It Takes Two to Make a Thing Go Right: Boosting Current in Coupled Motors

TL;DR

This paper demonstrates that mechanically coupling synthetic molecular motors can increase their average current by enhancing activity levels, and that bias loss can be compensated by increasing fuel concentration, offering a new design strategy.

Contribution

It introduces a simulation-based approach showing that coupling synthetic motors boosts current and suggests a method to recover bias by adjusting fuel levels.

Findings

Coupling increases motor activity and current.

Boosts are achievable with single-digit amplification.

Bias loss can be mitigated by higher fuel concentration.

Abstract

Catalysis-driven synthetic molecular motors operate in a loose mechanochemical coupling regime, one in which a decomposition of a fuel molecule does not reliably produce a forward step. In that regime, stochastic backward steps can significantly degrade the motor's current, prompting us to ask whether mechanically coupling multiple such motors can boost their averaged current. By simulating rotaxane-based motors with two classes of models--particle-based nonequilibrium molecular dynamics and jump-diffusion models--we show that current boosts are physically achievable.

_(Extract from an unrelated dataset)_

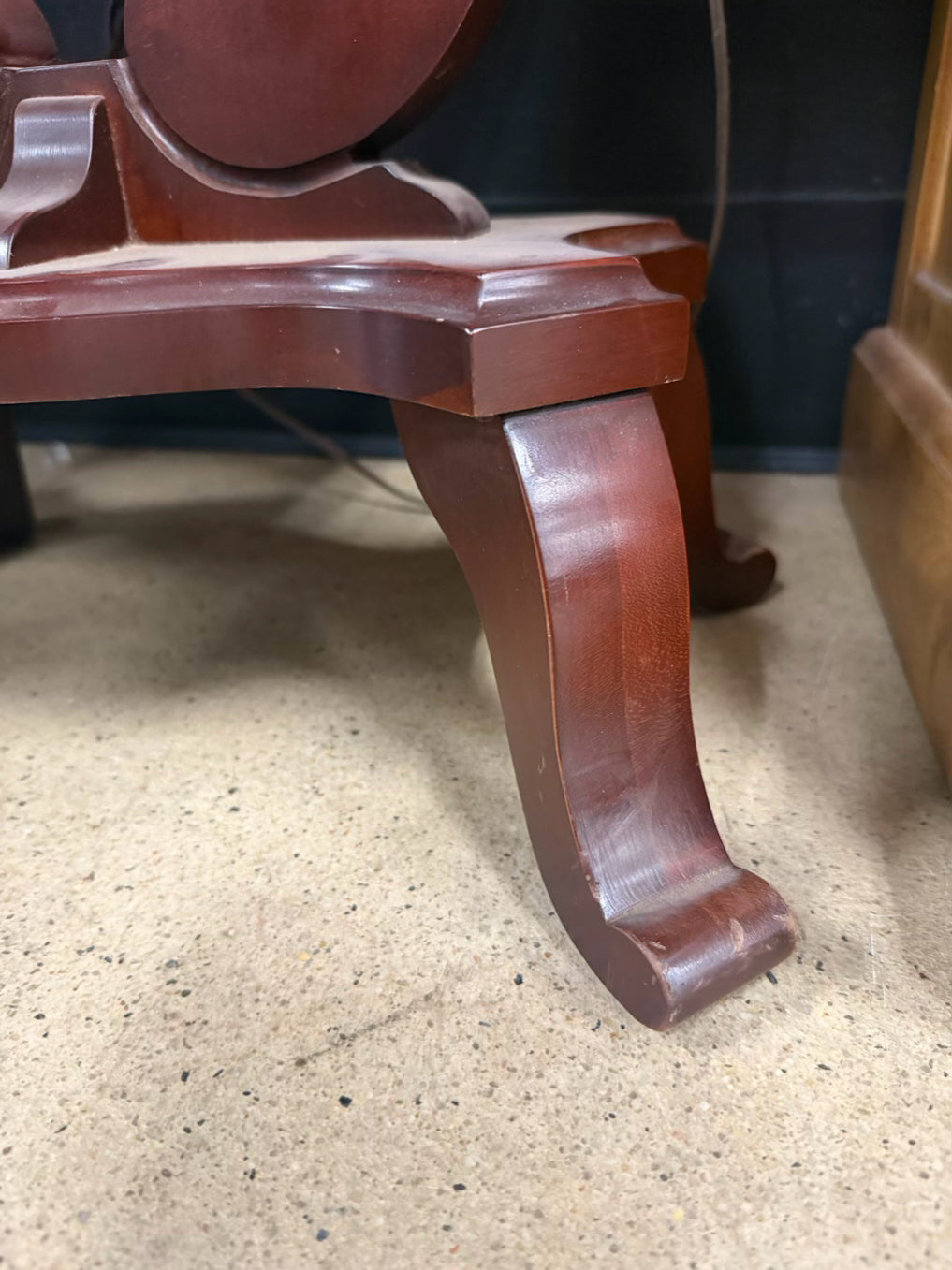 DAVIS CABINET CO Wood Victorian End Table w/ Drawer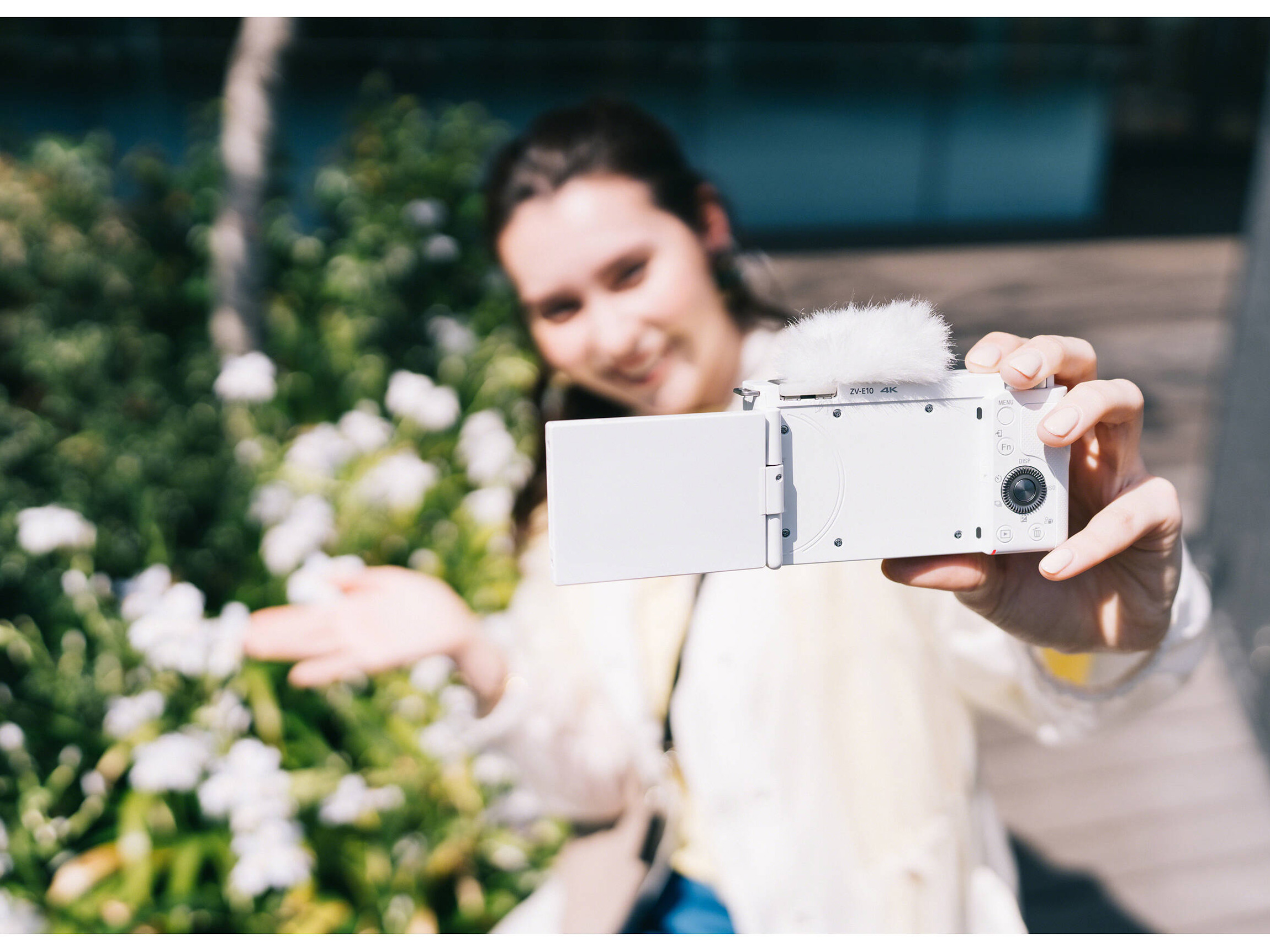 Беззеркальный фотоаппарат Sony ZV-E10 Kit 16-50 II, белый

Our observed boosts, which amplify current by single-digit factors, emerge when coupling between motors can increase the activity, speeding up the rate of both forward and backward steps. In doing so, the bias for preferring forward steps actually degrades, but the lost bias can be largely recovered by raising the fuel concentration, demonstrating a general design strategy: amplify activity through coupling and restore bias through stronger driving.